ACTIVITY:
Exactly the lines below from the line with "MERCEDES GLA 180" through the line with "2242 Rana Park, Tyler, Texas image 16" must make up the answer, both ends included and pictures left out.

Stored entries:
= Beginning of Section =
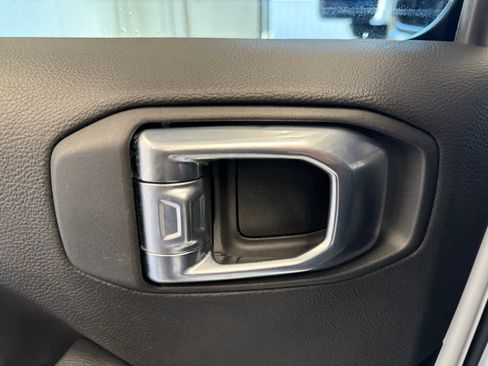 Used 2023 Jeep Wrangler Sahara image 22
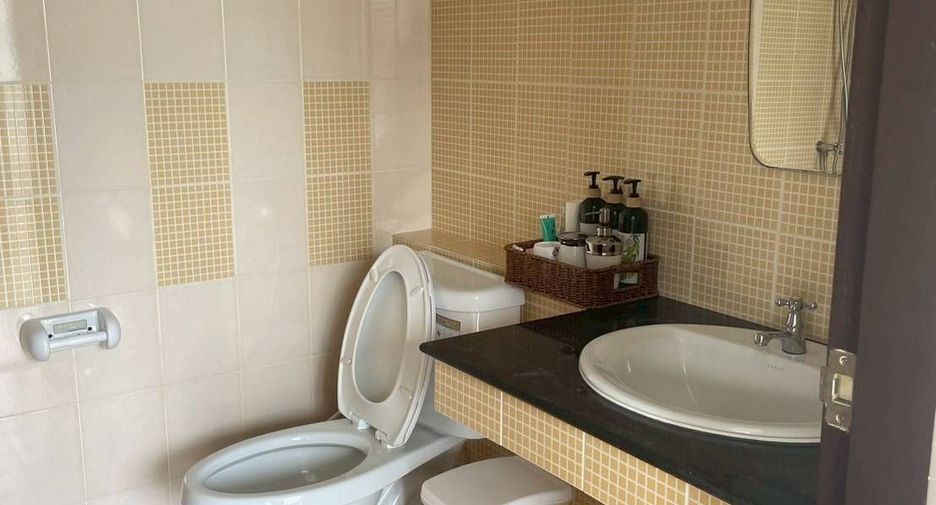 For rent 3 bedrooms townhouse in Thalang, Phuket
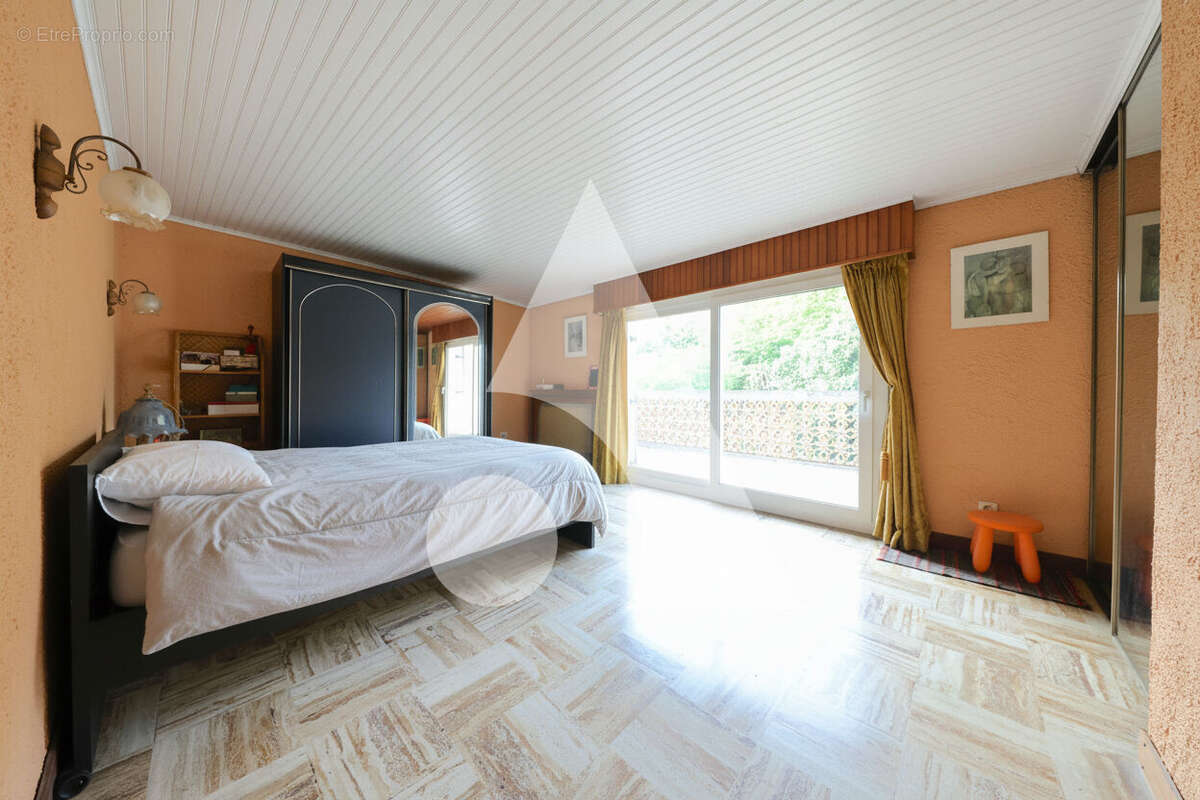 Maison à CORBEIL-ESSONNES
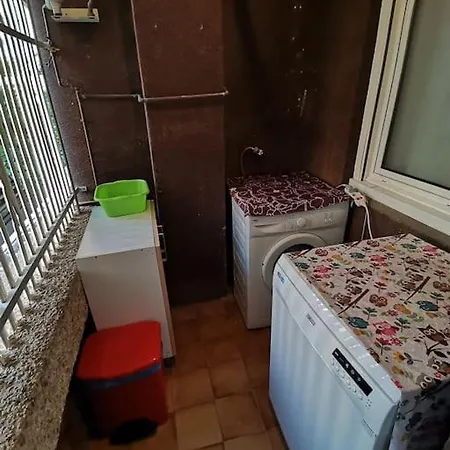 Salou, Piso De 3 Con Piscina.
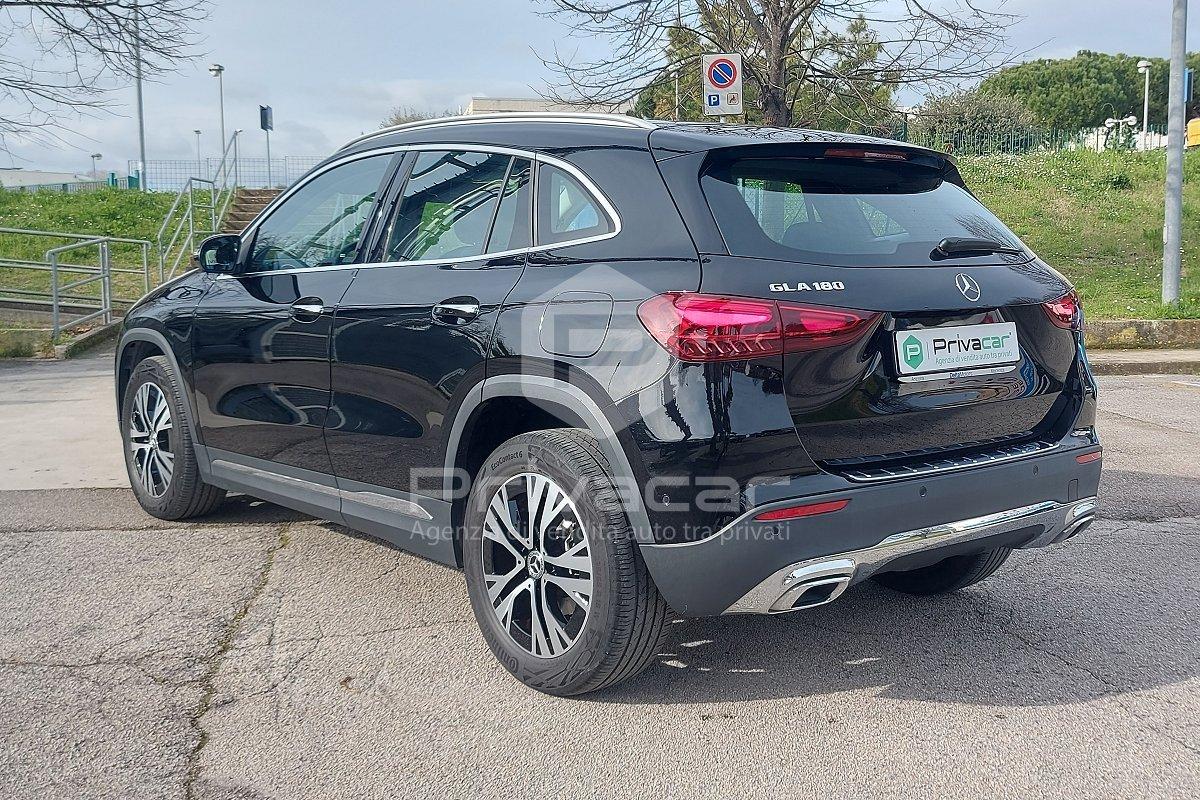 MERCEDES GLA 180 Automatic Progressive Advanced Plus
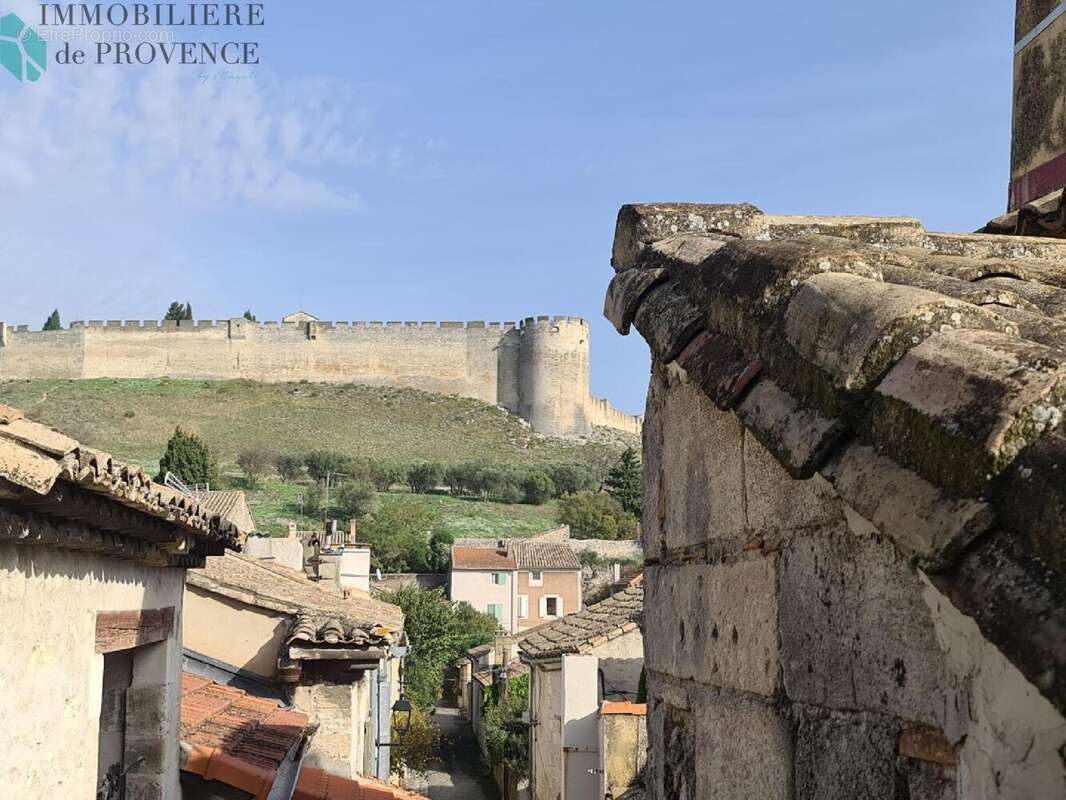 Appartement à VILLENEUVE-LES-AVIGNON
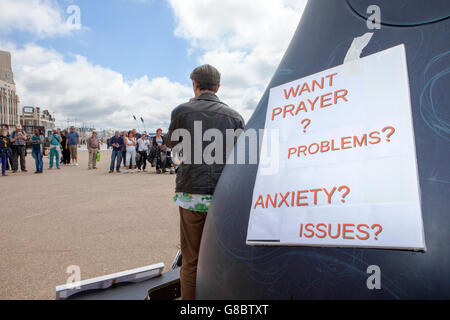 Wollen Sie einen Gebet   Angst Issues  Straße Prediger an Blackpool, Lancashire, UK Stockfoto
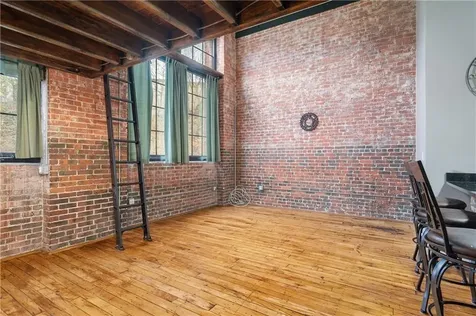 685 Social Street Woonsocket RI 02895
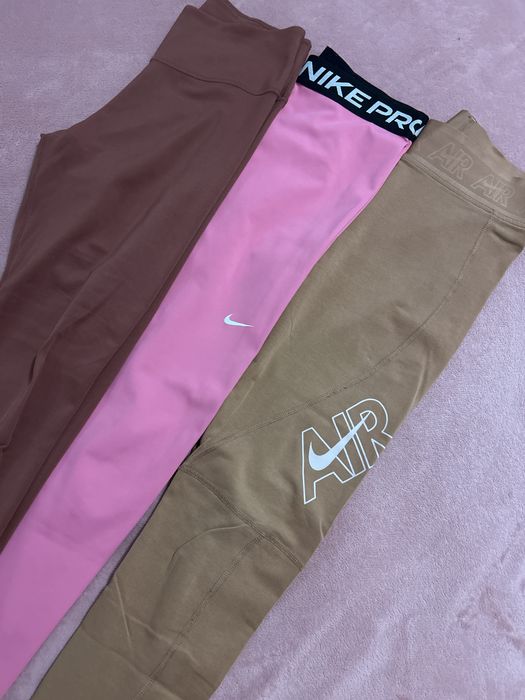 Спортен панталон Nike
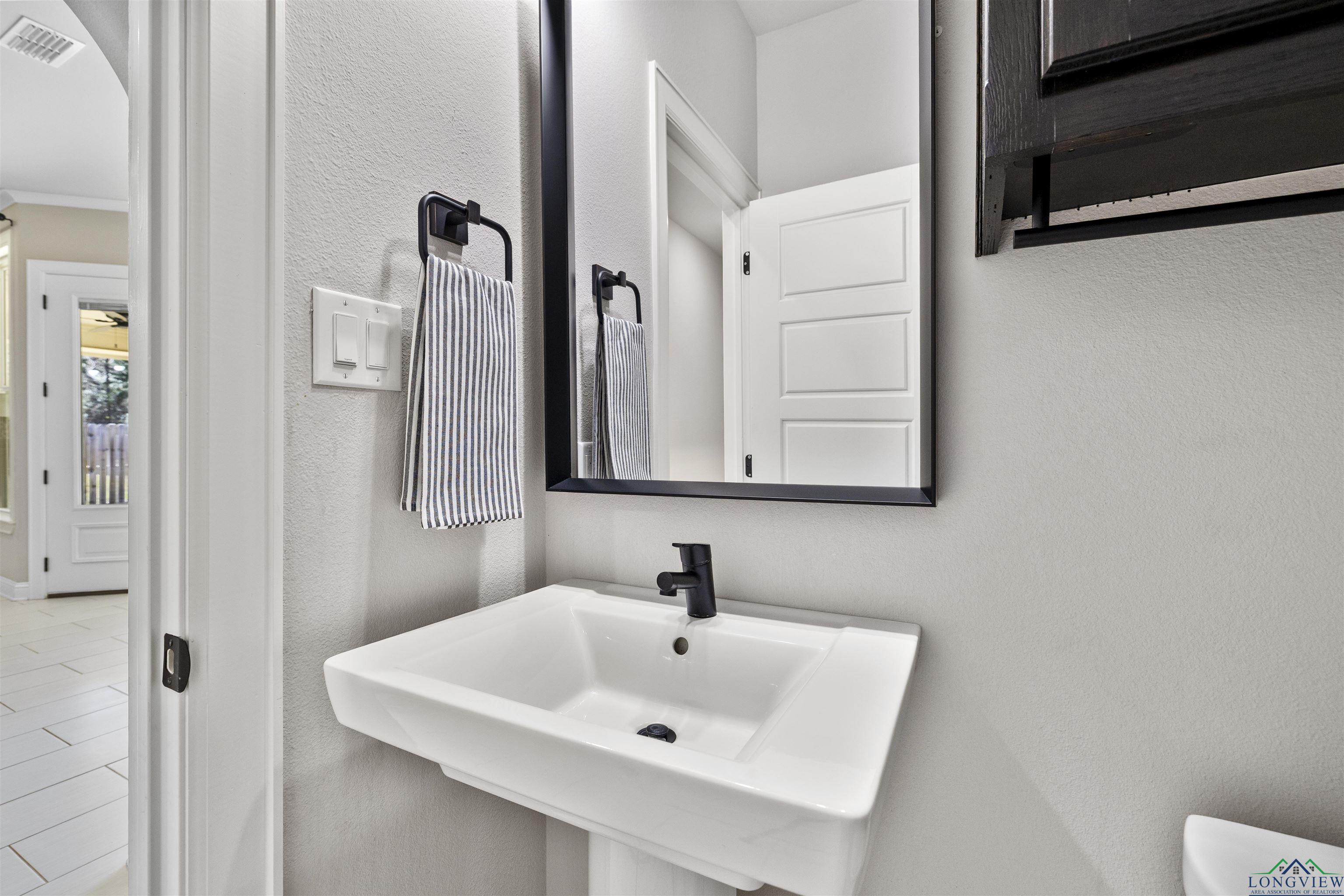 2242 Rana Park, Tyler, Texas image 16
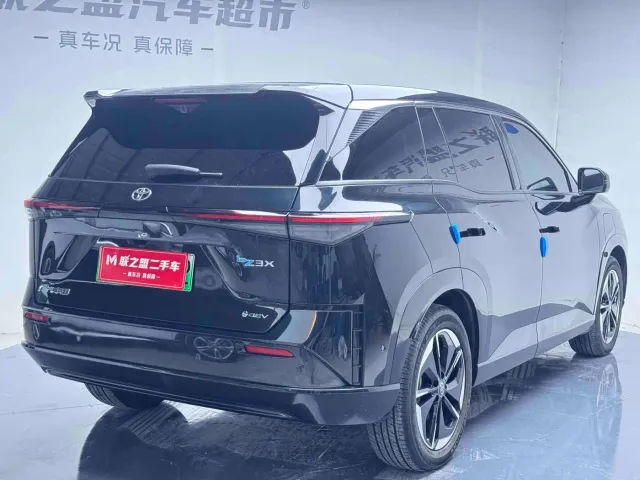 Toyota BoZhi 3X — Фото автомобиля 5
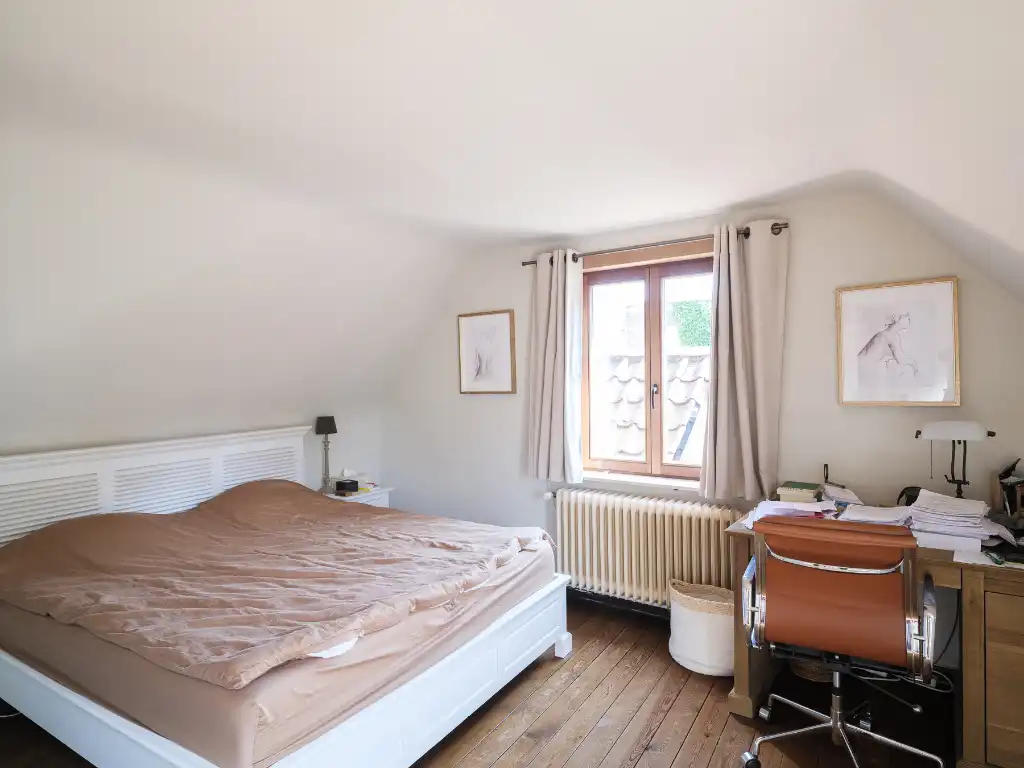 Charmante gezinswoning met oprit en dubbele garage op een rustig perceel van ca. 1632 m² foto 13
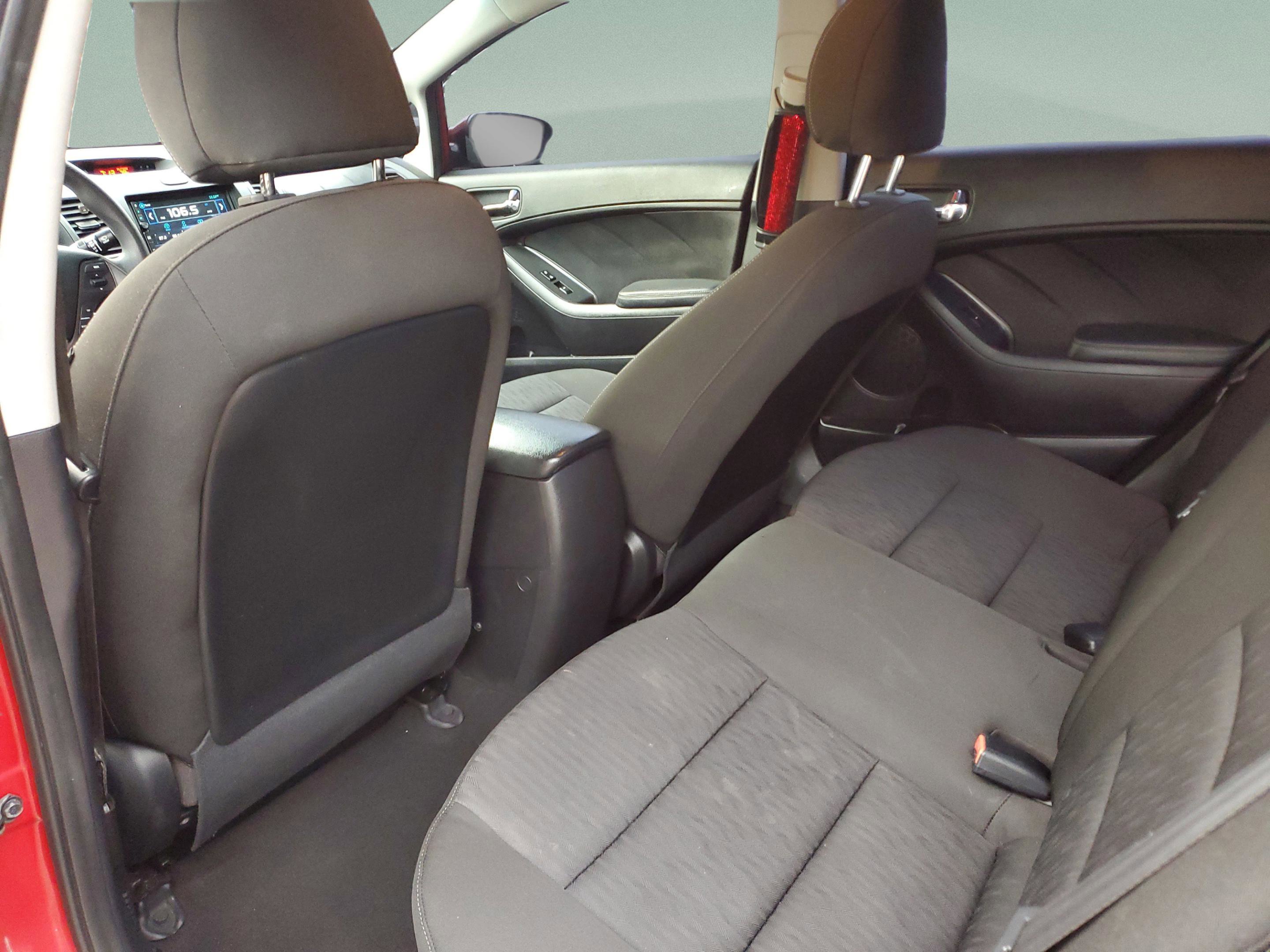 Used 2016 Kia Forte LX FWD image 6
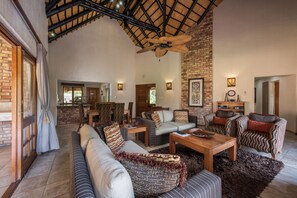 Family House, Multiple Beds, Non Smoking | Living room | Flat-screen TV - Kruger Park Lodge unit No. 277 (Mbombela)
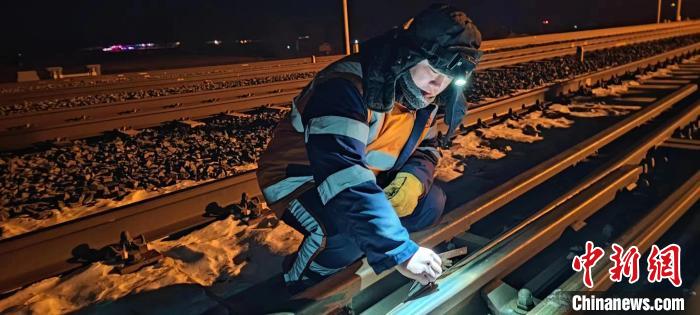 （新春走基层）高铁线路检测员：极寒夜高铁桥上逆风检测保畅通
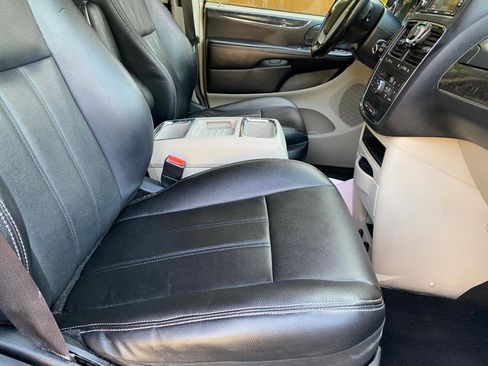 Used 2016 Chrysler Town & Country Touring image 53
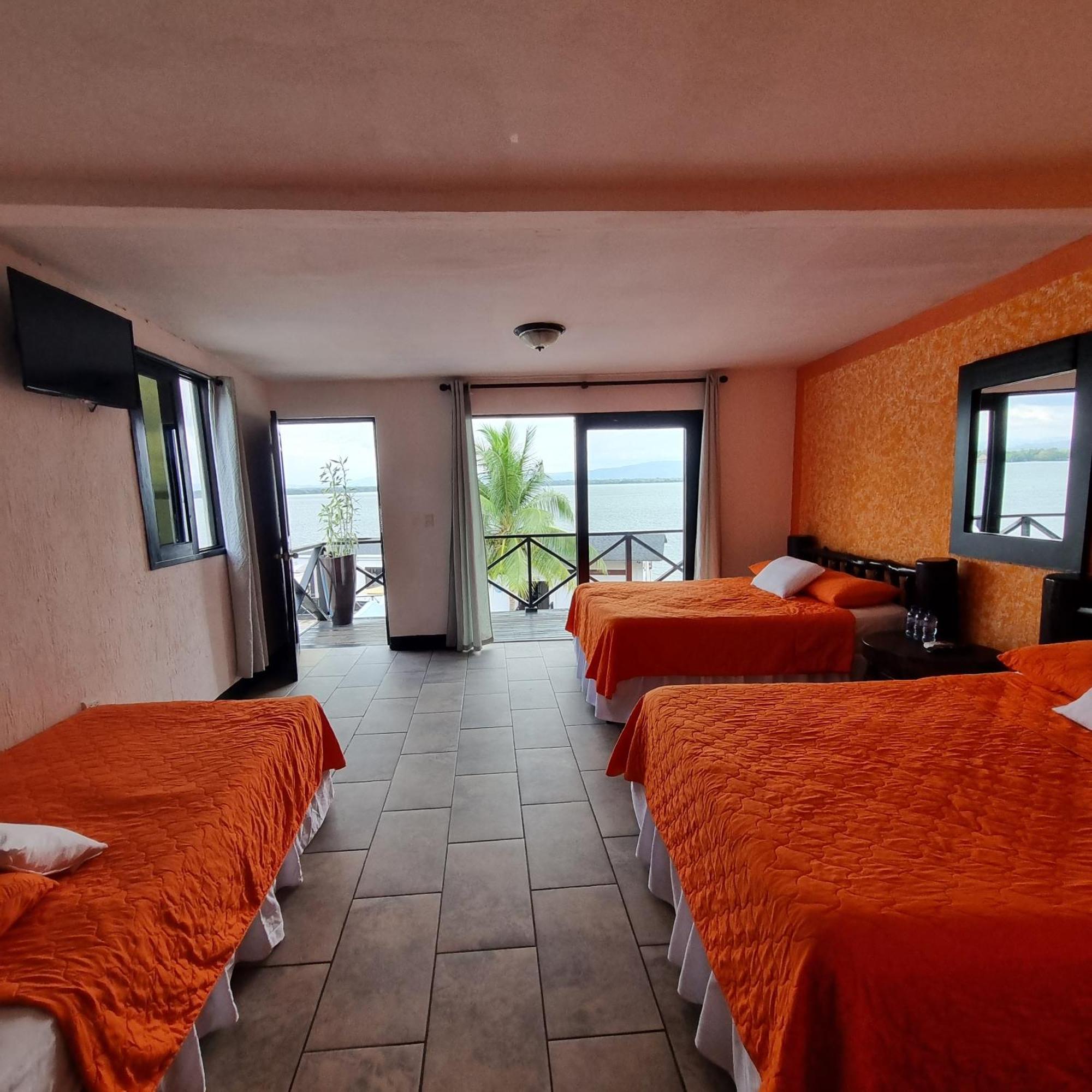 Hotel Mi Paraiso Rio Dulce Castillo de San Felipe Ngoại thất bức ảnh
= End of Section =
TASK OUTPUT:
 MERCEDES GLA 180 Automatic Progressive Advanced Plus
 Appartement à VILLENEUVE-LES-AVIGNON
 Wollen Sie einen Gebet   Angst Issues  Straße Prediger an Blackpool, Lancashire, UK Stockfoto
 685 Social Street Woonsocket RI 02895
 Спортен панталон Nike
 2242 Rana Park, Tyler, Texas image 16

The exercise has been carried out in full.